Anna Mains: Monkey Shoulder first launched in 2005 in the UK and it was a great success. It launched here in the United States in 2012. The whole vision behind Monkey Shoulder, to begin with, is [that we are] William Grant, a Scotch house, and we have some of the most well respected Scotches in the world.

So keeping true to what our passion and kind of knowledge is, we started to see a rise in bourbon, at the time, and a lot of bartenders moving to mixing cocktails with it, and having fun while mixing cocktails. And Scotch has always predominantly been a spirit that you think of, if you went back 10 or 15 years, where people would say, “You’re going to put Scotch in a cocktail?” They might reach across the bar and slap you.

But considering that Scotch is made upon highlighting different flavors and key characteristics from each barrel, and that blending those barrels to make something that is beautiful and enjoyable is almost is the same thing that we do with cocktails, it made sense for us to play in that space.

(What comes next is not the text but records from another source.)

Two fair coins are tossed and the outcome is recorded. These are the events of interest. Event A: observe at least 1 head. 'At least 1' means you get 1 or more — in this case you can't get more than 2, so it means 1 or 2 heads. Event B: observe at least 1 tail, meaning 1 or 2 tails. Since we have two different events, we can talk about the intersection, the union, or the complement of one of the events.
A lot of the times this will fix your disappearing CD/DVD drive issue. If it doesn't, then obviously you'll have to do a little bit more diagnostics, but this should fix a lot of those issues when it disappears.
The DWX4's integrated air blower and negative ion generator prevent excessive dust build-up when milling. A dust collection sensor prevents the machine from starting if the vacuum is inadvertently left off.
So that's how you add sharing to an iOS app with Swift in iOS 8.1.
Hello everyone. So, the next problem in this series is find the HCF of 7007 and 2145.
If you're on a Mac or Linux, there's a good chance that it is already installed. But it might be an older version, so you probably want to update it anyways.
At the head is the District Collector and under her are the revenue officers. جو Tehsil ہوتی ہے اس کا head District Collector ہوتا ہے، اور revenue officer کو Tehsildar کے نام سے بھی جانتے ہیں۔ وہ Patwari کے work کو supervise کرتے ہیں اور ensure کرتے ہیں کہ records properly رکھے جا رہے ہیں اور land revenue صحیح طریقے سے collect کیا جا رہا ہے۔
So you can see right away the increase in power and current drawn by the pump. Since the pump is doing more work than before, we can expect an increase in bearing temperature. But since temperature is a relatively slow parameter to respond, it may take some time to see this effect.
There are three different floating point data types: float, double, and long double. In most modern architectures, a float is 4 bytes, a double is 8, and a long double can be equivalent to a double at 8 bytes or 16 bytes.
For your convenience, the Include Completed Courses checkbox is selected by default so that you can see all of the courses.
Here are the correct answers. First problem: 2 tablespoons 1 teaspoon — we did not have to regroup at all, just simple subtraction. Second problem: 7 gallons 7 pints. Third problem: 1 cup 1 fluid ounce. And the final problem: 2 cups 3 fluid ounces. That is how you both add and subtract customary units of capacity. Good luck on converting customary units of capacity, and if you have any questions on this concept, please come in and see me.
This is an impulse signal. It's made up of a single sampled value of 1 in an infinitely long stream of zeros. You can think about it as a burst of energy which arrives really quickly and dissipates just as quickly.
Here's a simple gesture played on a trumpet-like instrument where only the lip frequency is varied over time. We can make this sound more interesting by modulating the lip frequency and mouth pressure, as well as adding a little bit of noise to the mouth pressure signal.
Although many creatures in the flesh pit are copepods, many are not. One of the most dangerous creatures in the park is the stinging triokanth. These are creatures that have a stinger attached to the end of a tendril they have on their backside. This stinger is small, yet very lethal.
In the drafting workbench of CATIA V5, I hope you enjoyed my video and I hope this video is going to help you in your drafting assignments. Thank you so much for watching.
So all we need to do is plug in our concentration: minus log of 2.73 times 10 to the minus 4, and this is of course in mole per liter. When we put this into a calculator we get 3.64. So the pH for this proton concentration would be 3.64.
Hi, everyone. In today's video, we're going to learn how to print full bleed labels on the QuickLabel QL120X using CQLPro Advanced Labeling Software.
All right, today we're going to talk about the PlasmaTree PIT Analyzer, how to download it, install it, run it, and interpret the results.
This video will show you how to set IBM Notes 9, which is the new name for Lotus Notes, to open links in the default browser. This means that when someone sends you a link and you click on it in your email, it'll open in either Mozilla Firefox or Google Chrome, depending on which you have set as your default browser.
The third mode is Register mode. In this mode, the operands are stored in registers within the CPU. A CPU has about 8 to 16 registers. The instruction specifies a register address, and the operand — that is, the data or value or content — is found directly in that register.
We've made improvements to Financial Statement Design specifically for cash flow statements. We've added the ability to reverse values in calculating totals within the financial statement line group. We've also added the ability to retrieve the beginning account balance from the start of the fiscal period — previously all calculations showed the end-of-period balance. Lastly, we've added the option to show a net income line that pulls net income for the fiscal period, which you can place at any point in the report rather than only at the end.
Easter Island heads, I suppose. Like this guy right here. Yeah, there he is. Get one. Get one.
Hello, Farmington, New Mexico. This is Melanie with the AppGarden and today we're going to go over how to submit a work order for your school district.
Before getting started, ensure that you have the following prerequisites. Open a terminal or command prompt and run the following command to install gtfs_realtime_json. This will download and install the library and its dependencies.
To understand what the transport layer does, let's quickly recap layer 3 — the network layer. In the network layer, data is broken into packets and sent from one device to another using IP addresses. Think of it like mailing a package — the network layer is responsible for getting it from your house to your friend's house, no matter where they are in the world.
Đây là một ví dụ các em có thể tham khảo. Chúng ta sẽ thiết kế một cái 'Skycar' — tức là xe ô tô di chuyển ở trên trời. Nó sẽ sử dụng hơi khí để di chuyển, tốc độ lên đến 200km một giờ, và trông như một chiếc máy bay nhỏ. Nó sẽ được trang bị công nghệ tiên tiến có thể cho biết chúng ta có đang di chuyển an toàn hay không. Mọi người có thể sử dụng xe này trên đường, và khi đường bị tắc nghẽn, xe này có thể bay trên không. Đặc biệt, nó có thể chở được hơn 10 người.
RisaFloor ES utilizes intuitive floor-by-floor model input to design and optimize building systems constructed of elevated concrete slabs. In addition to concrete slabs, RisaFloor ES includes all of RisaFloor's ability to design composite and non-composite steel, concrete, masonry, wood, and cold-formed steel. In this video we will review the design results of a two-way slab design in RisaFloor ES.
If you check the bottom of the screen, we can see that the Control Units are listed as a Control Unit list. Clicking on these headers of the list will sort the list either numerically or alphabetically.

We said, “what if we made a Scotch that’s super approachable, and that is made with the idea of mixing in cocktails behind it?” So let’s make it with really high quality liquid, and we’re going to do it with a hundred percent malt and no grain whiskey. So we know that we’re going to give people great quality and great flavor, but we’re going to do it in a way that doesn’t have any pretension to it. Let’s completely challenge the conventions that everybody usually thinks of when they think of Scotch, and let’s kind of transcend this category.

Obviously you like for it to taste good, but so much of it is more of an escape, and it’s fun, it’s a community, it’s this playfulness that I think that everybody enjoys and that’s part of why we enjoy going out to bars. So this is all encapsulated in the personality of Monkey Shoulder. 

TWW: So Monkey Shoulder, owned by William Grant and Sons, is a blended malt. Can you talk about the blend mix, what distilleries it’s from, and how do each of those distilleries’ malts influence the final product?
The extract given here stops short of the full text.